En retrospectiva, me ha parecido una antología muy satisfactoria. Es revelador como el elemento sobrenatural está casi ausente; En sus tramas
le basta y le sobra con exponer aquello de lo que el ser humano es capaz,
evocando la inquietud, la repulsión y el horror. Es muy atractivo la forma en que Ewers toma lo grotesco y decadente y lo convierte casi en algo bello y exótico. Y me gusta, en la literatura de terror, lo exótico; debe ser una etapa que tarde o temprano terminará, pero ahora mismo estoy cansado de autores que recurren a los viejos mitos del género para sus tramas. Los escenarios lúgubres y las sensibles almas atormentadas de la literatura gótica, las criaturas de Stoker y LeFanu y sus legiones de imitadores (Guillermo del toro uno de los más recientes), las andanzas de los muertos que invaden nuestras pantallas, cómics y libros en un desfilar zombie sin fin me motivan ya muy poco.

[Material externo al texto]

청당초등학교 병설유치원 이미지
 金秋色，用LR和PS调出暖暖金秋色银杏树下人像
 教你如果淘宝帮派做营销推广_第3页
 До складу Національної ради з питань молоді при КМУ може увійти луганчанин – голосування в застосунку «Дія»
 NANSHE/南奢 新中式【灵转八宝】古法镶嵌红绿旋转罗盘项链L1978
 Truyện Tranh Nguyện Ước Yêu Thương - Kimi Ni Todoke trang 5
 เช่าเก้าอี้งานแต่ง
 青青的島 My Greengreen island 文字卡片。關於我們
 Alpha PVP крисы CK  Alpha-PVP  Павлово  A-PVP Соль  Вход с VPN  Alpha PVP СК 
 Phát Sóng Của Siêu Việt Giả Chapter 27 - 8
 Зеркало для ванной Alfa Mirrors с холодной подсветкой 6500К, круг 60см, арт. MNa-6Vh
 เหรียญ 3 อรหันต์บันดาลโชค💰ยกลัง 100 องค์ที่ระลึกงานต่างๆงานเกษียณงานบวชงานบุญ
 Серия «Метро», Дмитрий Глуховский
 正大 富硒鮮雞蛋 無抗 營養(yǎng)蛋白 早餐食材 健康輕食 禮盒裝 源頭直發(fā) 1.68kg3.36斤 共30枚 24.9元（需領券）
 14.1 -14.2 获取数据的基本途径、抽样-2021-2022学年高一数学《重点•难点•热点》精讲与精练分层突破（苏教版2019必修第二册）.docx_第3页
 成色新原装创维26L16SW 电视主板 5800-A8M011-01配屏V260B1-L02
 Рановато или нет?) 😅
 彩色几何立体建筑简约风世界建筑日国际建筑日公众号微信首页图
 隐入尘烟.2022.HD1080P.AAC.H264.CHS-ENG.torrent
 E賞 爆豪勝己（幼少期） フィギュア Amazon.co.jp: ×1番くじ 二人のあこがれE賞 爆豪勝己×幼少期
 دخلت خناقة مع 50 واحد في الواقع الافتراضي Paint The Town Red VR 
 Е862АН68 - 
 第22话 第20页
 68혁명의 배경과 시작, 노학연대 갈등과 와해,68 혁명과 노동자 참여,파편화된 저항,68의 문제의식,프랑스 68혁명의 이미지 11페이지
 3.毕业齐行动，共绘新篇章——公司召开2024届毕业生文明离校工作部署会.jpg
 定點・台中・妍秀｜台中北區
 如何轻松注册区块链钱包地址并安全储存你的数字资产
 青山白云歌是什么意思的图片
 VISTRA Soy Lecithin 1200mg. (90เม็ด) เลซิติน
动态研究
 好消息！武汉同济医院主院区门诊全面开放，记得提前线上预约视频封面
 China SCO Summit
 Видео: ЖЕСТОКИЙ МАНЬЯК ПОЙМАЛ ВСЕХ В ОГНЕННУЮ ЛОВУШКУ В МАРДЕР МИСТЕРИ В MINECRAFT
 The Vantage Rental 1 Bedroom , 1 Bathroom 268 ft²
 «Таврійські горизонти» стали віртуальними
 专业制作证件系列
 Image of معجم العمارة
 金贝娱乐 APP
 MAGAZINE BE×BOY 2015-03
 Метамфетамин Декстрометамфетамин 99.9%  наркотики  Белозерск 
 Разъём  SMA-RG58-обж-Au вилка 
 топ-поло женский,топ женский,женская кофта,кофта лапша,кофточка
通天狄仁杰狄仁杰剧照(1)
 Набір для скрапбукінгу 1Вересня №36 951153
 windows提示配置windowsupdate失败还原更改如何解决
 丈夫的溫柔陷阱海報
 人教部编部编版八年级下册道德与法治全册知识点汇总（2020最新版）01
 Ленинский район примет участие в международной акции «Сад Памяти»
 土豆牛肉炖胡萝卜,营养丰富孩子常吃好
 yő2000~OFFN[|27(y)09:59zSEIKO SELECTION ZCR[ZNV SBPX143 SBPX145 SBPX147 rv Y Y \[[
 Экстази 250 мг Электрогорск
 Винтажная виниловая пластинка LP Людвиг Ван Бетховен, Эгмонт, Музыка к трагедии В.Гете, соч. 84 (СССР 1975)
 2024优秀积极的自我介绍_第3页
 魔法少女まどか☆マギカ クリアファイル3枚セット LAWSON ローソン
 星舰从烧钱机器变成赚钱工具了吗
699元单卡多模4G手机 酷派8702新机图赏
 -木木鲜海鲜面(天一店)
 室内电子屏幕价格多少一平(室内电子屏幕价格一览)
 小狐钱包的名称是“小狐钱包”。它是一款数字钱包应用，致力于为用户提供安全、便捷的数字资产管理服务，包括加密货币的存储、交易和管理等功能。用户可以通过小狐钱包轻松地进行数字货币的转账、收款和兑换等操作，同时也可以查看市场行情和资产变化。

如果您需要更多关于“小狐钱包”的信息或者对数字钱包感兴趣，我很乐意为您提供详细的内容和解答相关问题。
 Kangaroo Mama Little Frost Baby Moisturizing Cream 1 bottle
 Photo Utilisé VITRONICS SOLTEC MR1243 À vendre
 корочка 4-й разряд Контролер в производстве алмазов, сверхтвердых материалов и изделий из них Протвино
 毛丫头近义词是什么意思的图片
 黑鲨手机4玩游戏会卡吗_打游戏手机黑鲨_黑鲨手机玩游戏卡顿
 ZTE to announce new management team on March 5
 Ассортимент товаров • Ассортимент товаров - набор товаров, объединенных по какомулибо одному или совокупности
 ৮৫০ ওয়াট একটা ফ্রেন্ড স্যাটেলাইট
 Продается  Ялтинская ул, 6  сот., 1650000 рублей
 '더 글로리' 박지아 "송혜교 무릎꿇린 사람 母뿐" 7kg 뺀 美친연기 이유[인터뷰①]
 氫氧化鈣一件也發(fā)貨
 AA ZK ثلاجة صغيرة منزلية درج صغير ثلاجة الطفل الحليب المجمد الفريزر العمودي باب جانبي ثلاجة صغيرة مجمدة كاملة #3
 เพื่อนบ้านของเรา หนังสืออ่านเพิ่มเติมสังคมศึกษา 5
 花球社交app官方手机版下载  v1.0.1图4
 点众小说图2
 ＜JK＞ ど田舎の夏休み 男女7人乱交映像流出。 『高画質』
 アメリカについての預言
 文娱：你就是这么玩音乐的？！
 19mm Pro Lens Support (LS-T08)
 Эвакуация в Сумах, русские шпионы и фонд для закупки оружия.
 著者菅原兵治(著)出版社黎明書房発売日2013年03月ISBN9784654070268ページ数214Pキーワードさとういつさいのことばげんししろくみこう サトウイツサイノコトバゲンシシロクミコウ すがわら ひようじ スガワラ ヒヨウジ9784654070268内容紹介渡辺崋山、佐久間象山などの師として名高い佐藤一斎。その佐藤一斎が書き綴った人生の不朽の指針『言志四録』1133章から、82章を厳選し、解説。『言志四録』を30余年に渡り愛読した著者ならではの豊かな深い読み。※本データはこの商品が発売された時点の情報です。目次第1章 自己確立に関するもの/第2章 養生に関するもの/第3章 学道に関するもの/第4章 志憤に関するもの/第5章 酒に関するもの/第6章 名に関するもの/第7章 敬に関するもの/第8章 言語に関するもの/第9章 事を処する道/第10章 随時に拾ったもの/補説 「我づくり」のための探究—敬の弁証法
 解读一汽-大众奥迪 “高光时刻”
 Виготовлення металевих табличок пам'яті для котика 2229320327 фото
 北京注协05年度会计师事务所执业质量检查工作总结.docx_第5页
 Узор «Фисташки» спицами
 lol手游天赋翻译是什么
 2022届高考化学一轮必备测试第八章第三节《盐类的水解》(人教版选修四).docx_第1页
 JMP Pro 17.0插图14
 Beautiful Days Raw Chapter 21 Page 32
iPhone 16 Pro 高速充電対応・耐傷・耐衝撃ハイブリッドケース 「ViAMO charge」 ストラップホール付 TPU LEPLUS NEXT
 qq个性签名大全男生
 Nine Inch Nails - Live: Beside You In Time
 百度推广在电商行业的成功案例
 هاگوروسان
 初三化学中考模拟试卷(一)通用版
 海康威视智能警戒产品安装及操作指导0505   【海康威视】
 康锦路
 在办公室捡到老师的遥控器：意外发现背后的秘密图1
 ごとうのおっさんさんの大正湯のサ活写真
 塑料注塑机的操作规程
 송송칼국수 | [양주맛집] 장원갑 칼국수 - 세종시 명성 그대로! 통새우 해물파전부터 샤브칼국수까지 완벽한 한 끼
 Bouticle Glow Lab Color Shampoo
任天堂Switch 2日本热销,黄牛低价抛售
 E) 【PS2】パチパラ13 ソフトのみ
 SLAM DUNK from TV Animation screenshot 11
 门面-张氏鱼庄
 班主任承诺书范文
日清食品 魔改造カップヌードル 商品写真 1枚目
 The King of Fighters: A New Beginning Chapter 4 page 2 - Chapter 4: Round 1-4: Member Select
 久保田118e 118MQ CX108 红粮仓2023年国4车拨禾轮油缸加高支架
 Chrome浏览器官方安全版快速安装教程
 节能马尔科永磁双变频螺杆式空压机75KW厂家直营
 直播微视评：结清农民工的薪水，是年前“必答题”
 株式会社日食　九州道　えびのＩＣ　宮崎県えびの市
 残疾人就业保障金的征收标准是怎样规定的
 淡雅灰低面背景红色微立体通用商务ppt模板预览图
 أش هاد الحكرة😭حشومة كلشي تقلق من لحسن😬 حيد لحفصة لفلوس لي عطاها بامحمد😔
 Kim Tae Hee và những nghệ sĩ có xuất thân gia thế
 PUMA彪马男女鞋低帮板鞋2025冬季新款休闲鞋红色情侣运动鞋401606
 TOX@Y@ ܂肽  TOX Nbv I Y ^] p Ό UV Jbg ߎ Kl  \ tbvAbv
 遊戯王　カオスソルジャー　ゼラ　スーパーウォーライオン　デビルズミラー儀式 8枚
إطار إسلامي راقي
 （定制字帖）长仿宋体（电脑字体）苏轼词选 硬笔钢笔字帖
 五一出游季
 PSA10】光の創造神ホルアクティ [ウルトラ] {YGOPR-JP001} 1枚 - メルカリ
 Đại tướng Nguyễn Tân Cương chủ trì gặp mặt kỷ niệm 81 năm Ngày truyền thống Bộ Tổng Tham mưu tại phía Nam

Incluso en Lovecraft –y bajo su sombra– encuentro últimamente poco estímulo: sus historias son magníficas y su imaginación desbordante, pero muy contenida en ciertos aspectos. Lovecraft podía imaginar seres atemporales y extradimensionales como nadie, pero sus personajes eran planos: versiones literarias de él mismo, lánguidos artistas y pensadores de mente frágil.
Así pues, ahora mismo busco exotismo. Cuando se vuelva mundano, regresaré a los viejos temas del terror clásico y volveré a disfrutarlos en un ciclo interminable. Mientras siga siendo excitante, nada me satisface más que releer las historias de Clark Ashton Smith, muchas con un tono oriental, todas labradas con una originalidad y un decadente colorido que las hacen únicas; me gusta reencontrarme con Howard y sus héroes atemporale y hoscos, para acompañarles en sus descubrimientos de tierras extrañas. Y a partir de ahora añadiré a Ewers y sus creaciones retorcidas, su devoción por lo grotesco, sus personajes canallas e irreverentes, sus mujeres vengativas y distantes, y los coloridos escenarios inspirados por sus viajes.
Ficha técnica
Fecha de publicación: 28 mayo, 2014. Editor: Valdemar. Géneros: Horror.
Traducción: José Rafael Hernández Arias. Páginas: 432. Precio: 27,50 €. Electrónico: No.